涿郡。
這裡是一塊奇地,在涿縣的一個小村莊。一個青年正在努力編織著草鞋,其一絲不苟,不敢有絲毫的懈怠。
青年身長七尺五寸,兩手垂膝,兩耳垂肩,長相極其怪異。正是這個原因,其在盧植處時,常不善言辭。
其人不喜讀書,終日以結交豪傑為己任。靈巧的手,在來回折騰,一次又一次的穿過去,一隻草鞋就綁好了。
堆放草鞋間,青年眸子微眯,看了一眼門口的大桑樹,眸子裡精光閃爍。門口的桑樹,十分巨大,枝繁葉茂。
遠遠看去,就像一個華麗的車蓋。其眸子一縮,想起了年幼之時的話語。
「我為天子,將乘此車蓋。」
當時,叔父劉元起,雖奇其言,也不過是當做小孩子的胡言亂語罷了。但是,唯有他自己清楚,這句話是其肺腑之言。
天下之大,自有英雄用武之地。
「哎。」
再一次編好一隻草鞋,青年搖頭一嘆息。編草鞋不過是維繫生活,其不願終生事之。
此人姓劉名備,字玄德。
與此同時,河東解良人關羽,脾氣暴躁,傲氣比天高。殺了人,一路奔逃。正在推著一車棗子,朝著涿縣奔來。
關羽身穿綠衣服,面如重棗,一片的紅。頭頂帶著一個綠帽子,很有喜劇效果。
涿縣西北街,一肉鋪。一青年手持長矛,不斷的扎著肉。練習著自以為是的矛法,怒目圓睜。

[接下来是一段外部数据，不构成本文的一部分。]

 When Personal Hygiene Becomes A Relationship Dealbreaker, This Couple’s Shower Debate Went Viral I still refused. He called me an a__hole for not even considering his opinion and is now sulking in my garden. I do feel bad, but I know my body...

其屋後,便是一座桃園。桃園面積雖大,較之潁川書院前的十里桃花林,遠有不如。此際,正值春天到來,桃樹已經抽出一個又一個的花苞。
天地風雲變幻,英雄吸引相聚。劉關張,皆至涿縣。
另一地,黃巾起義之後,一個最為重要的人物,此刻也完成了蓄勢。通過與羌人的戰鬥,其一路青雲直上,官拜河東太守,任職中郎將。
麾下數萬兵馬,勢力強大,姿態驕橫。董卓已經,得到了牛鋪等人的效力。其女婿李儒,正在積極謀劃。

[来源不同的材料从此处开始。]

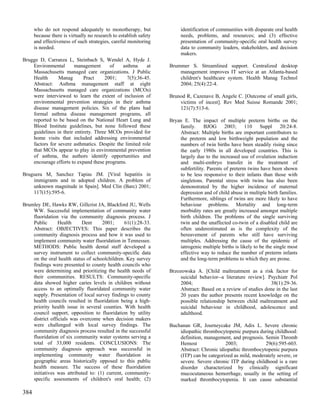 who do not respond adequately to monotherapy, but                 identification of communities with disparate oral health
      because there is virtually no research to establish safety        needs, problems, and resources; and (3) effective
      and effectiveness of such strategies, careful monitoring          presentation of community-specific oral health survey
      is needed.                                                        data to community leaders, stakeholders, and decision
                                                                        makers.
Brugge D, Carranza L, Steinbach S, Wendel A, Hyde J.
    Environmental       management      of    asthma     at        Brummer S. Streamlined support. Centralized desktop
    Massachusetts managed care organizations. J Public                 management improves IT service at an Atlanta-based
    Health      Manag       Pract     2001;     7(5):36-45.            children's healthcare system. Health Manag Technol
    Abstract: Asthma management staff at eight                         2004; 25(4):22-4.
    Massachusetts managed care organizations (MCOs)
    were interviewed to learn the extent of inclusion of           Brunod R, Cazenave B, Angele C. [Outcome of small girls,
    environmental prevention strategies in their asthma                victims of incest]. Rev Med Suisse Romande 2001;
    disease management policies. Six of the plans had                  121(7):513-6.
    formal asthma disease management programs, all
    reported to be based on the National Heart Lung and            Bryan E. The impact of multiple preterm births on the
    Blood Institute guidelines, but none followed these                family. BJOG 2003; 110 Suppl 20:24-8.
    guidelines in their entirety. Three MCOs provided for              Abstract: Multiple births are important contributors to
    home visits that included addressing environmental                 the preterm and low birthweight population and the
    factors for severe asthmatics. Despite the limited role            numbers of twin births have been steadily rising since
    that MCOs appear to play in environmental prevention               the early 1980s in all developed countries. This is
    of asthma, the authors identify opportunities and                  largely due to the increased use of ovulation induction
    encourage efforts to expand these programs.                        and multi-embryo transfer in the treatment of
                                                                       subfertility. Parents of preterm twins have been shown
Bruguera M, Sanchez Tapias JM. [Viral hepatitis in                     to be less responsive to their infants than those with
    immigrants and in adopted children. A problem of                   singletons. Parental stress with twins has also been
    unknown magnitude in Spain]. Med Clin (Barc) 2001;                 demonstrated by the higher incidence of maternal
    117(15):595-6.                                                     depression and of child abuse in multiple birth families.
                                                                       Furthermore, siblings of twins are more likely to have
Brumley DE, Hawks RW, Gillcrist JA, Blackford JU, Wells                behaviour problems. Mortality and long-term
    WW. Successful implementation of community water                   morbidity rates are greatly increased amongst multiple
    fluoridation via the community diagnosis process. J                birth children. The problems of the single surviving
    Public       Health     Dent     2001;      61(1):28-33.           twin and the unaffected co-twin of a disabled child are
    Abstract: OBJECTIVES: This paper describes the                     often underestimated as is the complexity of the
    community diagnosis process and how it was used to                 bereavement of parents who still have surviving
    implement community water fluoridation in Tennessee.               multiples. Addressing the cause of the epidemic of
    METHODS: Public health dental staff developed a                    iatrogenic multiple births is likely to be the single most
    survey instrument to collect community-specific data               effective way to reduce the number of preterm infants
    on the oral health status of schoolchildren. Key survey            and the long-term problems to which they are prone.
    findings were presented to county health councils who
    were determining and prioritizing the health needs of          Brzozowska A. [Child maltreatment as a risk factor for
    their communities. RESULTS: Community-specific                     suicidal behavior--a literature review]. Psychiatr Pol
    data showed higher caries levels in children without               2004;                                     38(1):29-36.
    access to an optimally fluoridated community water                 Abstract: Based on a review of studies done in the last
    supply. Presentation of local survey findings to county            20 years the author presents recent knowledge on the
    health councils resulted in fluoridation being a high-             possible relationship between child maltreatment and
    priority health issue in several counties. With health             suicidal behaviour in childhood, adolescence and
    council support, opposition to fluoridation by utility             adulthood.
    district officials was overcome when decision makers
    were challenged with local survey findings. The                Buchanan GR, Journeycake JM, Adix L. Severe chronic
    community diagnosis process resulted in the successful             idiopathic thrombocytopenic purpura during childhood:
    fluoridation of six community water systems serving a              definition, management, and prognosis. Semin Thromb
    total of 33,000 residents. CONCLUSIONS: The                        Hemost               2003;             29(6):595-603.
    community diagnosis approach was successful in                     Abstract: Chronic idiopathic thrombocytopenic purpura
    implementing community water fluoridation in                       (ITP) can be categorized as mild, moderately severe, or
    geographic areas historically opposed to this public               severe. Severe chronic ITP during childhood is a rare
    health measure. The success of these fluoridation                  disorder characterized by clinically significant
    initiatives was attributed to: (1) current, community-             mucocutaneous hemorrhage, usually in the setting of
    specific assessments of children's oral health; (2)                marked thrombocytopenia. It can cause substantial

384
 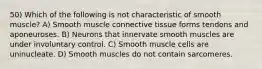 50) Which of the following is not characteristic of smooth muscle? A) Smooth muscle connective tissue forms tendons and aponeuroses. B) Neurons that innervate smooth muscles are under involuntary control. C) Smooth muscle cells are uninucleate. D) Smooth muscles do not contain sarcomeres.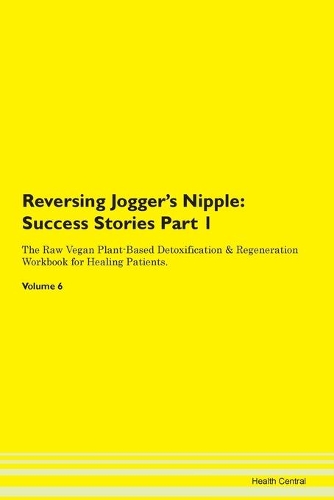 Reversing Jogger's Nipple: Success Stories Part 1 The Raw Vegan Plant-Based Detoxification & Regeneration Workbook for Healing Patients. Volume 6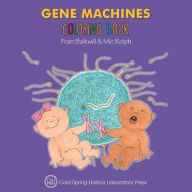 Title: Gene Machines Coloring Book (Enjoy Your Cells Color and Learn Series Book 4), Author: Fran Balkwill
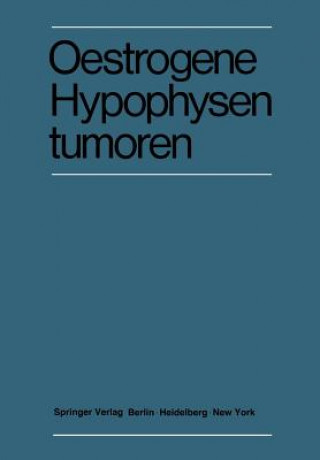 Kniha Oestrogene Hypophysentumoren 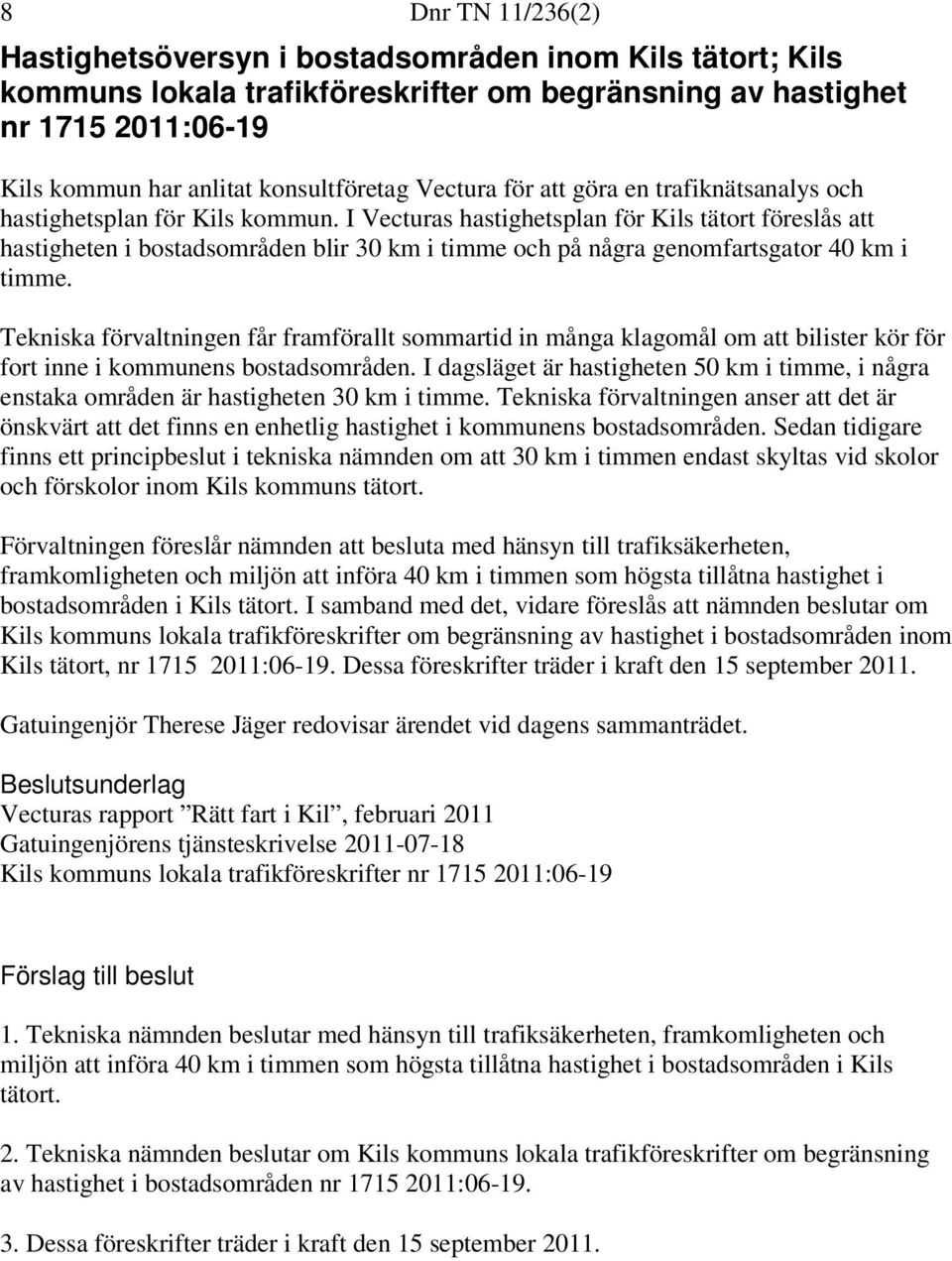 I Vecturas hastighetsplan för Kils tätort föreslås att hastigheten i bostadsområden blir 30 km i timme och på några genomfartsgator 40 km i timme.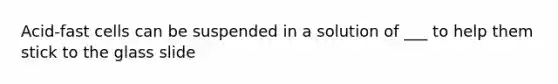 Acid-fast cells can be suspended in a solution of ___ to help them stick to the glass slide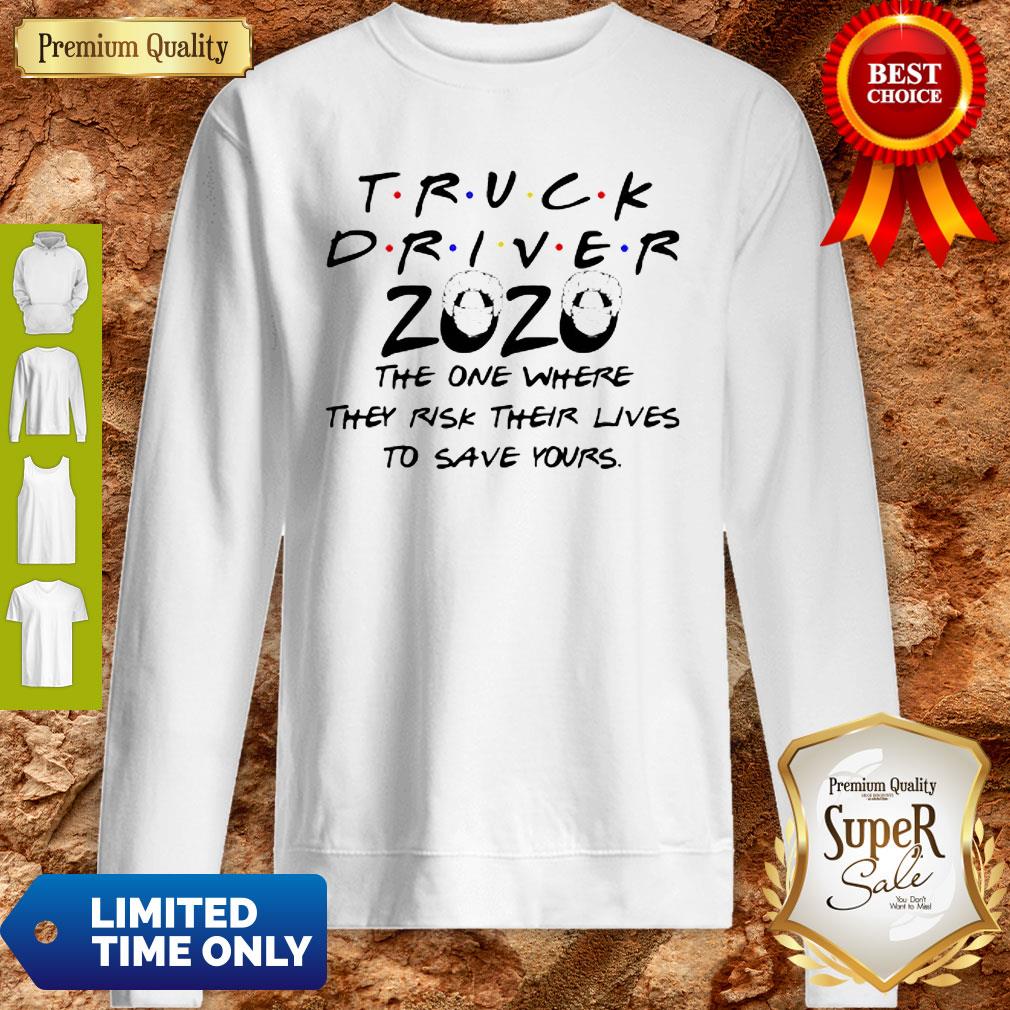 Truck Driver 2020 The One Where They Risk Their Lives To Save Yours Coronavirus Shirt - Image 3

飛熊軍已成,只待機會一到。自可以乘勢而起,遇亂世風雲,蛻變為龍。
遼東之地,偏東北。這裡天寒地凍,百姓生活貧苦。這裡最多的便是牛馬,這些年間,這裡胡人之亂,少了許多。
一個青年將星,正在冉冉升起,戰功赫赫。其以三千騎兵追討張純等叛賊,立下戰功,升為騎督尉。
同時,屬國烏桓首領貪至王率眾歸降公孫瓚。其又升為中郎將,封為都亭侯,幾年時間裡,公孫瓚威震胡羌。
由於其酷愛白馬,組建了一隻純白馬的騎兵,號曰白馬義從。這是一支精銳,騎射無雙,極其擅長奔射。
義之所至,生死相隨!蒼天可鑑,白馬為證!
這句口號,響徹塞外。聽聞其音,胡羌皆聞風而逃遁。
……
逢亂世,多英雄。
歷史總有驚人的一致性,在遭到破壞。其自我修復能力,依舊強悍。有些人,終究還是要再一起,有些事終究還是會發生。
黃巾起義,聲勢浩大。一時間,八州動盪。大漢四百載國柞,隱隱不穩。這幾年,大漢王朝苛捐雜稅,多如牛毛。
天下九州,自然災害頻發。洛陽應對不及,一時間大失民心。而張角藉助其機,以醫術為本輔之太平要術,蠱惑民心。
是以,太平道起義,一發不可收拾,戰火瞬間燃遍天下。一直穩坐釣魚臺的劉宏,也有些著急了。
事情大條了,劉宏眸子裡爆發出凌厲的殺機,如同一頭擇人而噬的野獸。這一刻,他是憤怒的。
收網之時,事態一下子嚴重到不可控制,這是極其憋屈的。劉宏身為佈局者,深知這件事的巨大後果。
「阿父,通知群臣,上朝。」
「諾。」
張讓眸子一閃,轉身離去了。作為身邊人,他能夠感覺到劉宏內心的暴怒,凌厲的殺機,隔著老遠都能感覺到。